# Task to complete:
Please copy the lines below, exactly as they are, from the one with "Dresser for Bedroom, Modern" through the one with "vidaXL Cortinas com", and leave out the pictures.

# Exercise inputs:
+++
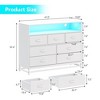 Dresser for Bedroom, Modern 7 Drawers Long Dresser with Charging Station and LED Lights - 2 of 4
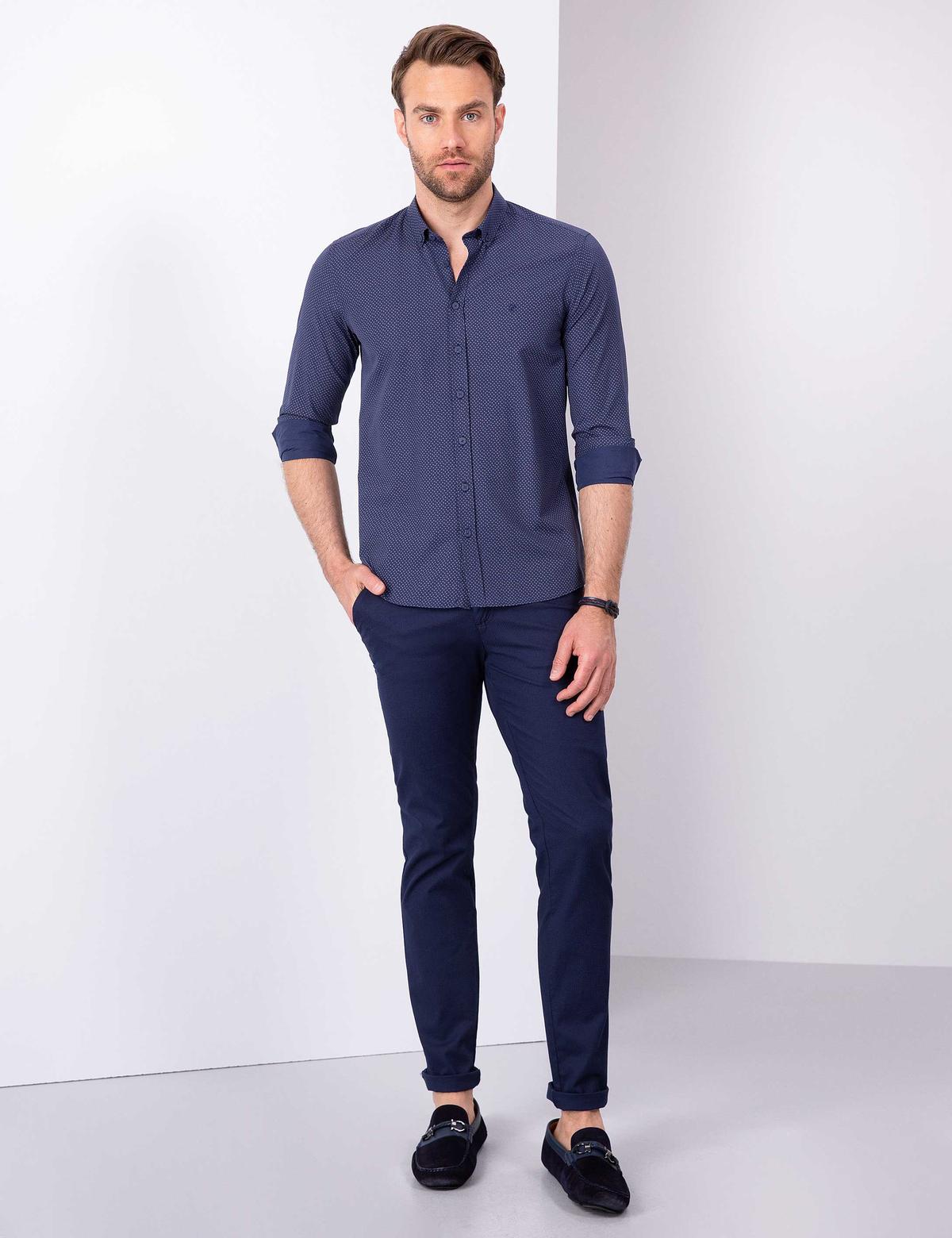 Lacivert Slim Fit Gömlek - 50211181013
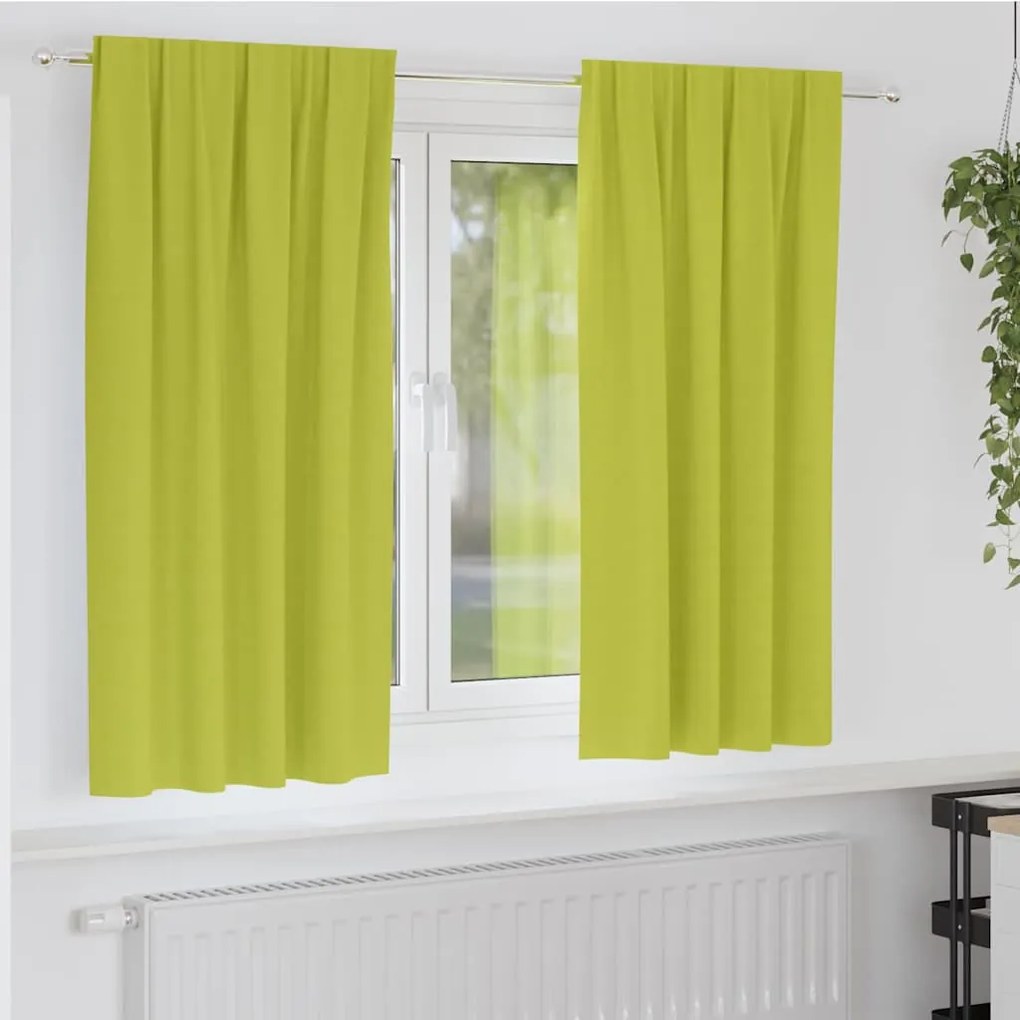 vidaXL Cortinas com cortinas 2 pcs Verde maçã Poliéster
+++
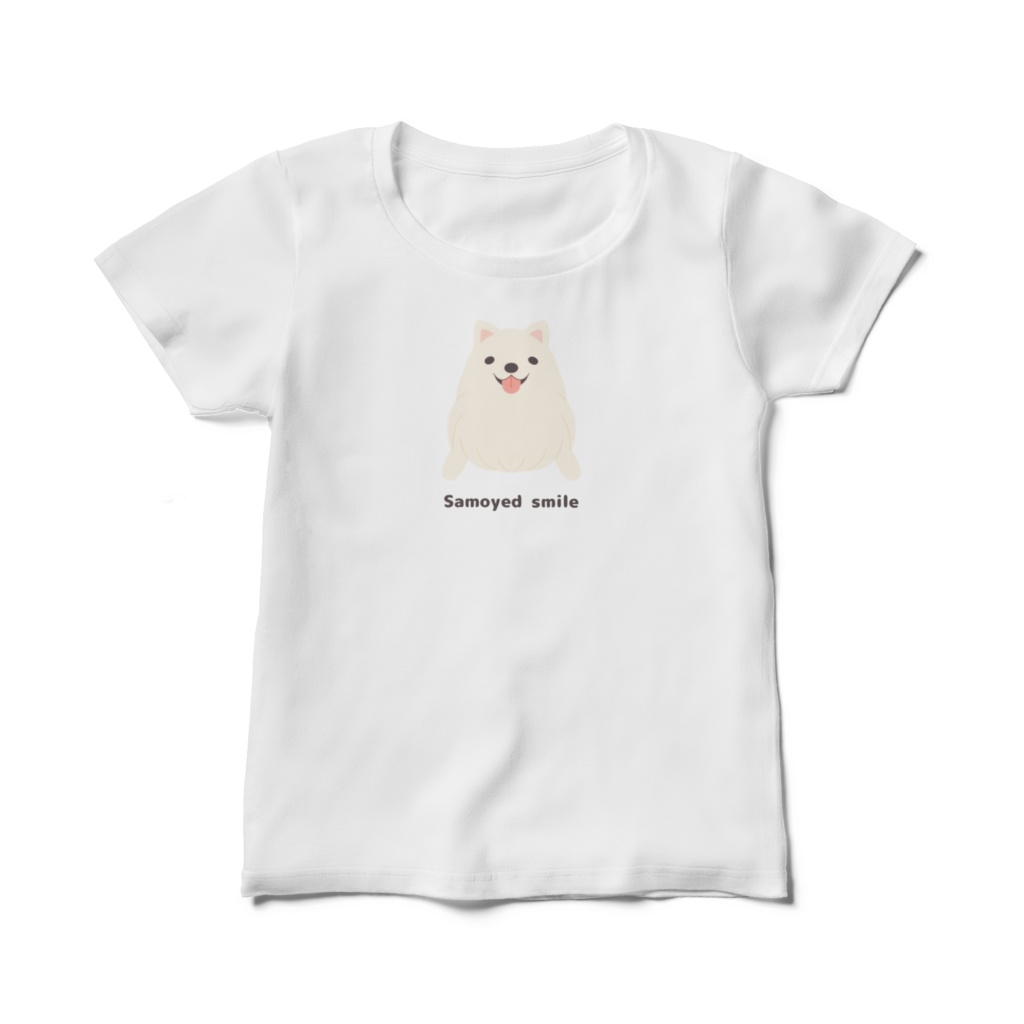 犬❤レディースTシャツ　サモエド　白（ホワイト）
+++
# Problem solution:
 Dresser for Bedroom, Modern 7 Drawers Long Dresser with Charging Station and LED Lights - 2 of 4
 Lacivert Slim Fit Gömlek - 50211181013
 vidaXL Cortinas com cortinas 2 pcs Verde maçã Poliéster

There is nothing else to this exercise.